__Exercise__: Entries below include pictures. Output exactly the lines from the one with "A bathroom with" down to the one with "Two golf club", both ends included, and leave the pictures out.

==== Input records ====

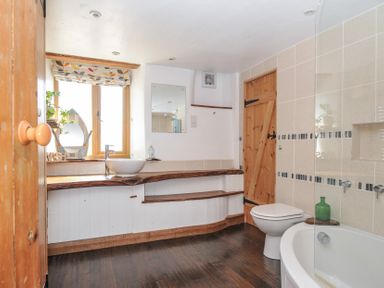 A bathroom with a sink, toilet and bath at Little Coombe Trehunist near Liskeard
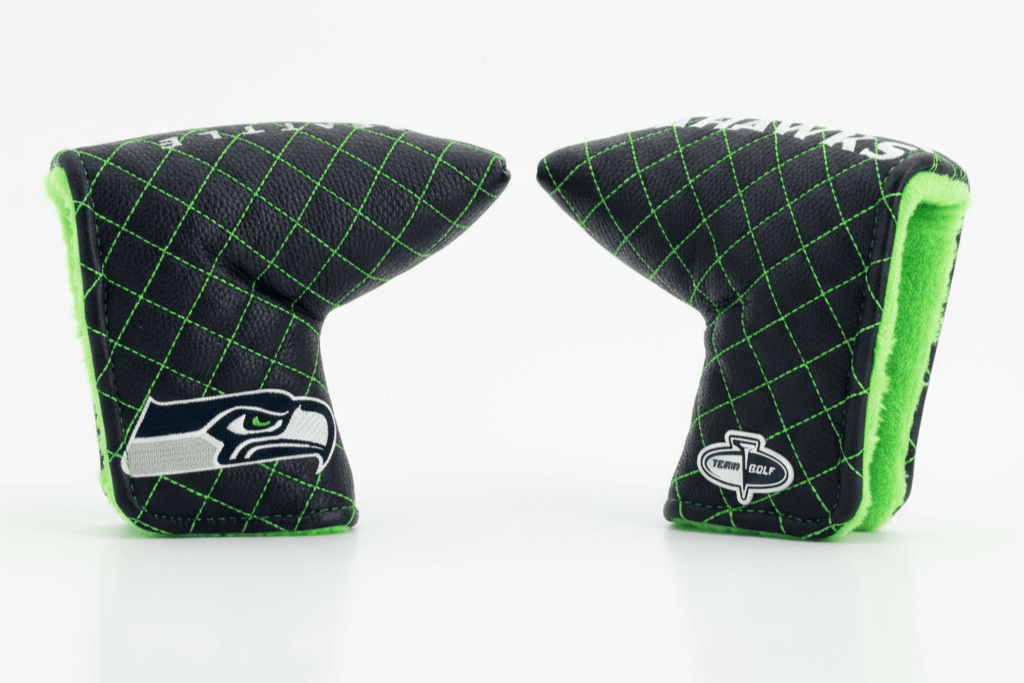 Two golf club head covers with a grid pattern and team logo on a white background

====
==== Input records ====

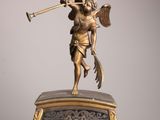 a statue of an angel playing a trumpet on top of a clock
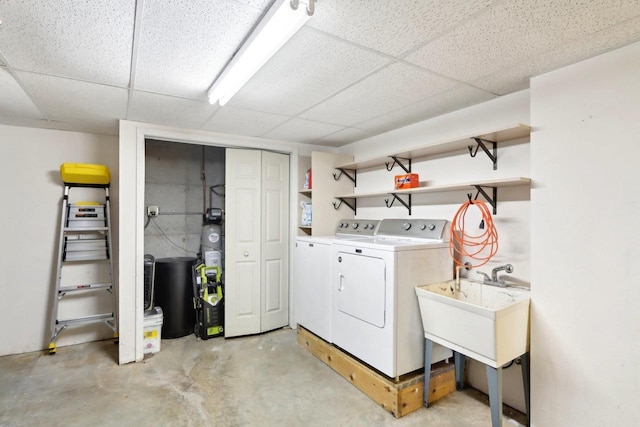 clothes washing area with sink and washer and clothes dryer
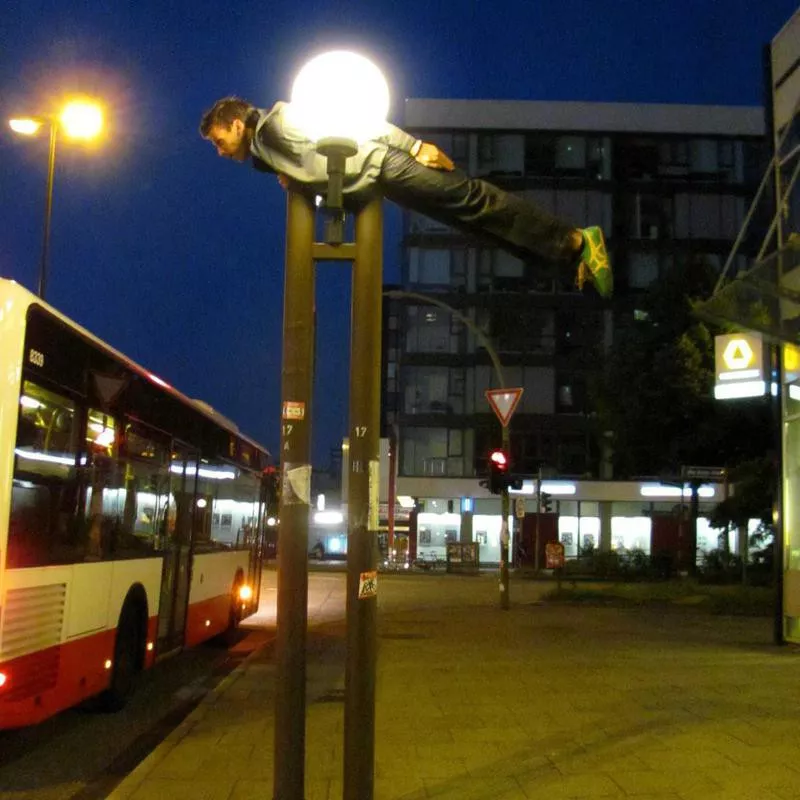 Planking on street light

====
==== Input records ====

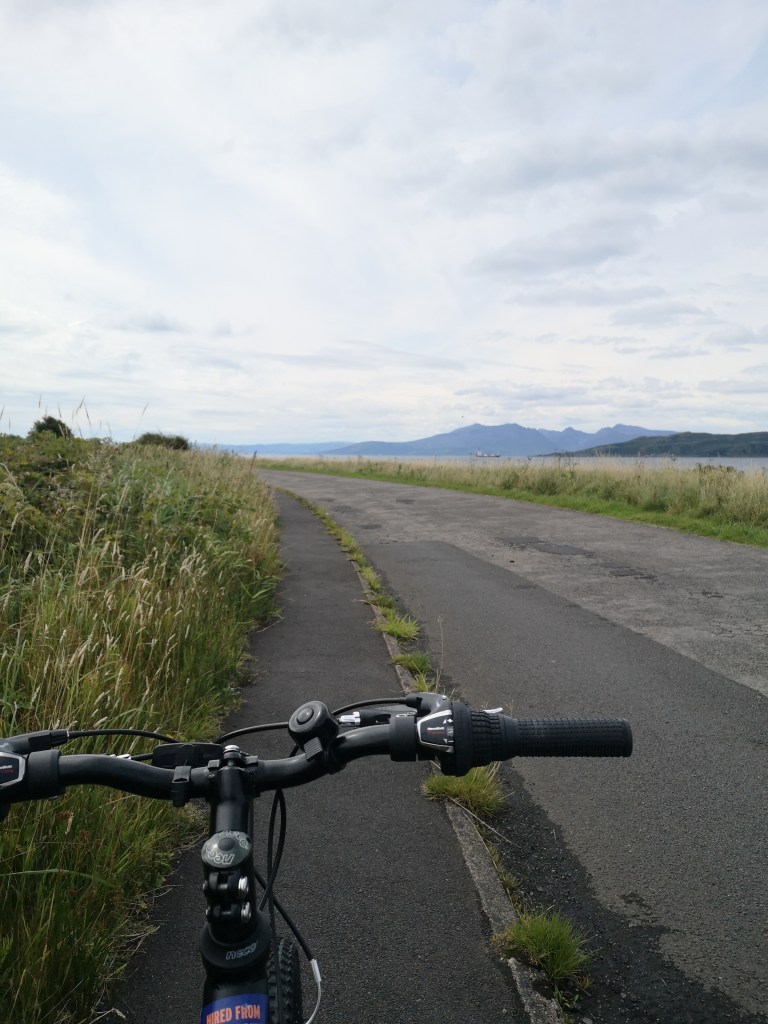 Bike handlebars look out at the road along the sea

====

__Answer to this exercise__:
 A bathroom with a sink, toilet and bath at Little Coombe Trehunist near Liskeard
 Two golf club head covers with a grid pattern and team logo on a white background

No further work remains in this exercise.